Collab-REC: An LLM-based Agentic Framework for Balancing Recommendations in Tourism
Ashmi Banerjee, Adithi Satish, Fitri Nur Aisyah, Wolfgang Wörndl, Yashar Deldjoo
TL;DR
Collab-REC introduces a multi-agent LLM framework for tourism recommendations that balances personalization, popularity, and sustainability. Three specialized agents generate city candidates while a non-LLM moderator grounds outputs to a 200-city knowledge base, computes a composite score, and iteratively merges proposals through multi-round negotiation to curb hallucinations and bias. Empirical evaluation on SynthTRIPS-based European city queries shows that multi-agent, multi-round negotiation yields higher relevance and greater diversity than baselines, with notable reductions in popularity bias and improved sustainability considerations.
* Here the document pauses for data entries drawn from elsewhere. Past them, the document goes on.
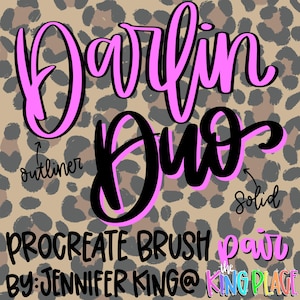 May include: Digital art graphic with the words "Darlin Duo" in pink and black, with the words "outliner" and "solid" pointing to the text. The background is a tan leopard print. Text at the bottom reads "Procreate Brush Pair by Jennifer King @ The King Place."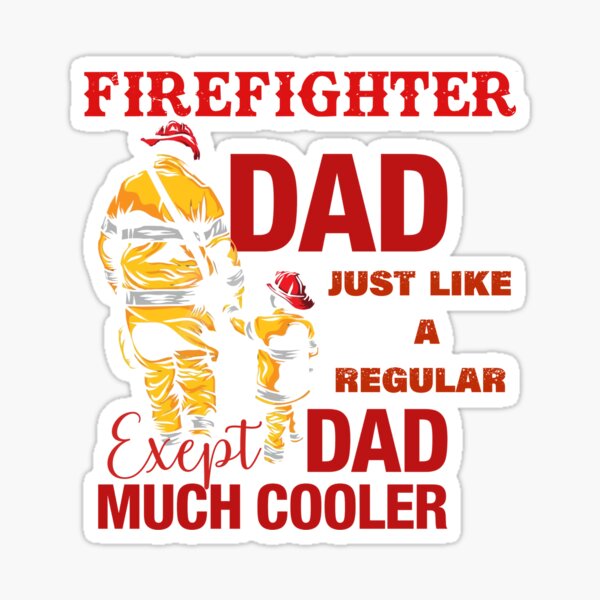 Artikel-Vorschau von Feuerwehrmann Papa genau wie ein normaler Vater, außer viel cooler, designt und verkauft von SheaHMC.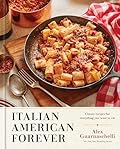 Italian American Forever: Classic Recipes for Everything You Want to Eat: A Cookbook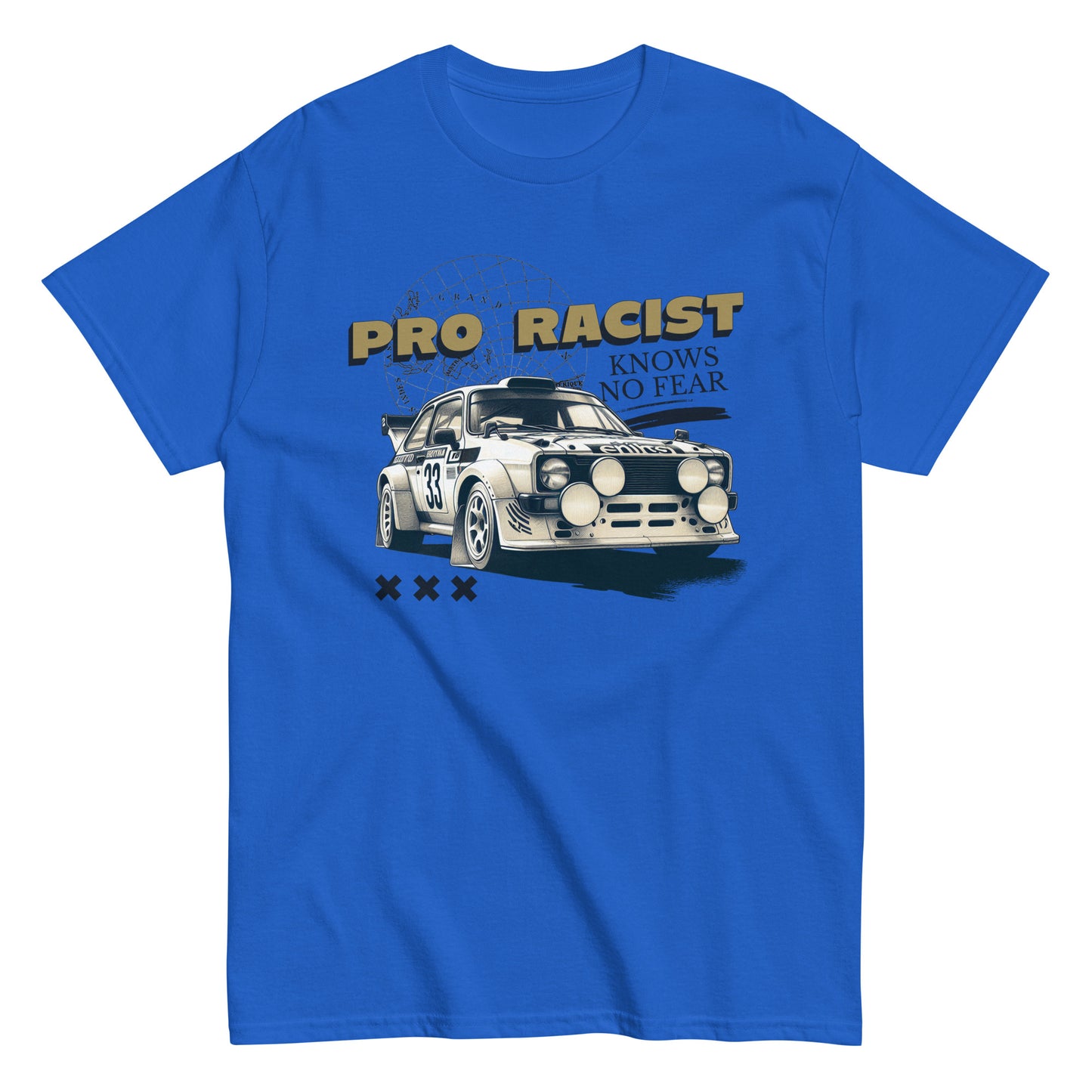 The Pro Racist T-Shirt by FunnyDripStore in charcoal features a rally car with number 33, the text PRO RACIST KNOWS NO FEAR, and three X symbols—an ideal bold graphic tee for motorsport fans.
The work advances multi-stakeholder GenAI recommender design by demonstrating how modular agent roles, grounded moderation, and iterative compromise can produce more balanced, context-aware recommendations, albeit at increased computational cost.
Abstract
We propose Collab-REC, a multi-agent framework designed to counteract popularity bias and enhance diversity in tourism recommendations. In our setting, three LLM-based agents -- Personalization, Popularity, and Sustainability generate city suggestions from complementary perspectives. A non-LLM moderator then merges and refines these proposals via multi-round negotiation, ensuring each agent's viewpoint is incorporated while penalizing spurious or repeated responses. Experiments on European city queries show that Collab-REC improves diversity and overall relevance compared to a single-agent baseline, surfacing lesser-visited locales that often remain overlooked. This balanced, context-aware approach addresses over-tourism and better aligns with constraints provided by the user, highlighting the promise of multi-stakeholder collaboration in LLM-driven recommender systems.